Um auch ohne Impfungen eine sogenannte Herdenimmunität zu erreichen – also einen Zustand, in dem ein Großteil der Bevölkerung immun ist gegen Covid-19 und sich der
Erreger deshalb nicht weiter verbreiten kann –, müssen sich etwa 80 Prozent der Bevölkerung mit Corona angesteckt haben. Die Münchner Studie soll dabei helfen, Modelle zu erstellen, wie lange es dauern könnte, diese Herdenimmunität zu erreichen, erklärt Hölscher. Eine wichtige Information, auch wenn es darum geht, wie eine Lockerung der Ausgangsbeschränkungen einmal aussehen könnte, ergänzte Sibler.
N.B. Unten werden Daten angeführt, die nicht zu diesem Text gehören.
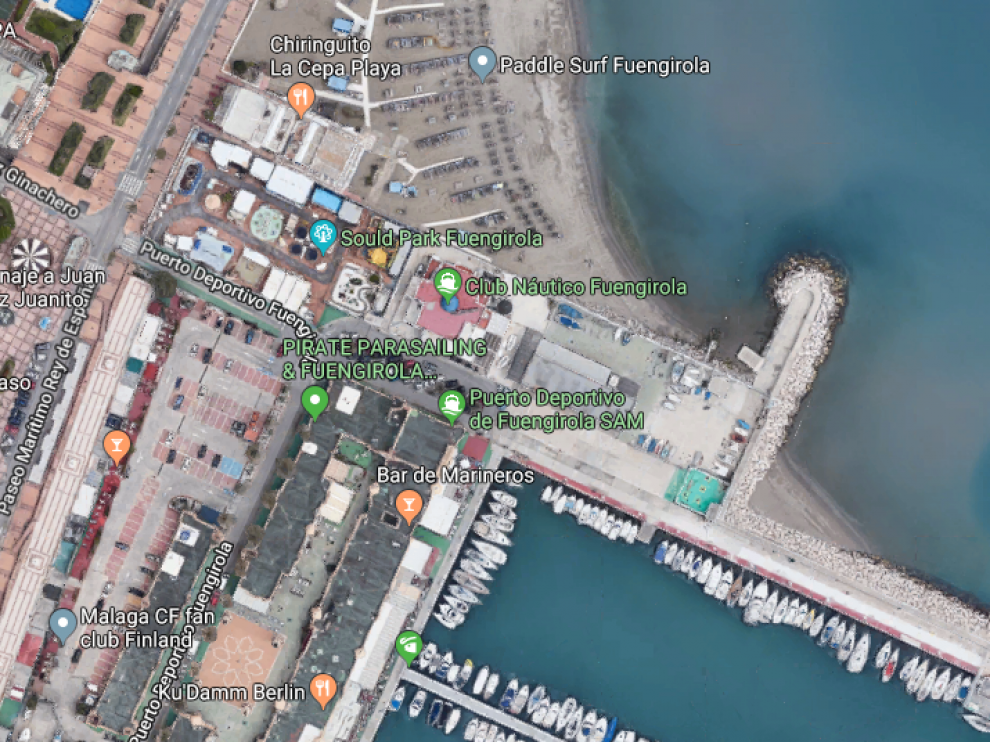 Los hechos se produjeron en una zona de ocio situada en las inmediaciones del puerto deportivo de Fuengirola.
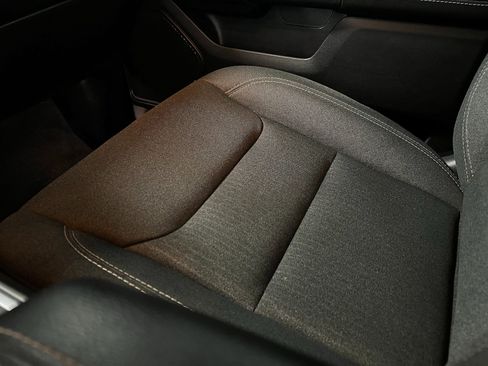 Used 2021 RAM 1500 Big Horn AWD/4WD image 18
Denn diese Lockerungen müssten auf Basis von wissenschaftlichen Daten diskutiert werden. Wie also geht das Forscherteam in München vor? Wissenschaftler sollen – jeweils begleitet von einem Polizisten – 3000 zufällig ausgewählte Haushalte in München untersuchen. Den Probanden werden drei Milliliter Blut abgenommen. Dieses Blut wird auf Antikörper gegen das Coronavirus untersucht. Weil die jetzigen Antikörper-Tests aber noch nicht sehr präzise sind, werde es – sobald bessere Tests verfügbar seien – neu untersucht, um so herauszufinden, wie viele Menschen sich mit Corona angesteckt haben, ohne es zu bemerken. Die Blutabnahme soll alle drei Wochen wiederholt werden. Angelegt ist die Untersuchung auf ein Jahr. Die ersten Ergebnisse sollen schon in wenigen Wochen veröffentlicht werden.
Doch das Projekt ist nur die Spitze des Eisbergs. In Bayern befassen sich Forscher landauf, landab mit Corona. Einige Beispiele: Das Deutsche Zentrum für Herzinsuffizienz an der Uniklinik Würzburg untersucht, wie Patienten mit einem schwachen Herzen auf die Infektion reagieren. An der Uniklinik Regensme. burg werden Testverfahren auf Corona entwickelt und mögliche Therapieformen untersucht. In Erlangen laufen Impfstoff-Forschungen. Zwei inzwischen genesene CovidPatienten überließen den Wissenschaftlern dort Blutspenden, aus denen die Gene von mehreren tausend Antikörpern identifiziert werden konnten. 20 bis 50 Prozent davon seien voraussichtlich gegen das Virus gerichtet. Diese sollen nun gentechnisch hergestellt werden. Auch an der Ludwig-Maximilians-Universität (LMU) wird an einem Impfstoff geforscht.
Das Münchner Klinikum rechts der Isar ist eines von derzeit vier deutschen Zentren, die an einer Zulassungsstudie des als vielversprechend geltenden Medikaments Remdesivir arbeiten. Das Mittel war ursprünglich zur Behandlung von Ebola entwickelt worden. Auch die München Klinik Schwabing, die deutschlandweit die längste Erfahrung mit Corona-Patienten hat, weil dort im Januar die ersten erkrankten Mitarbeiter der Firma Webasto behandelt wurden, nimmt an dieser Studie teil.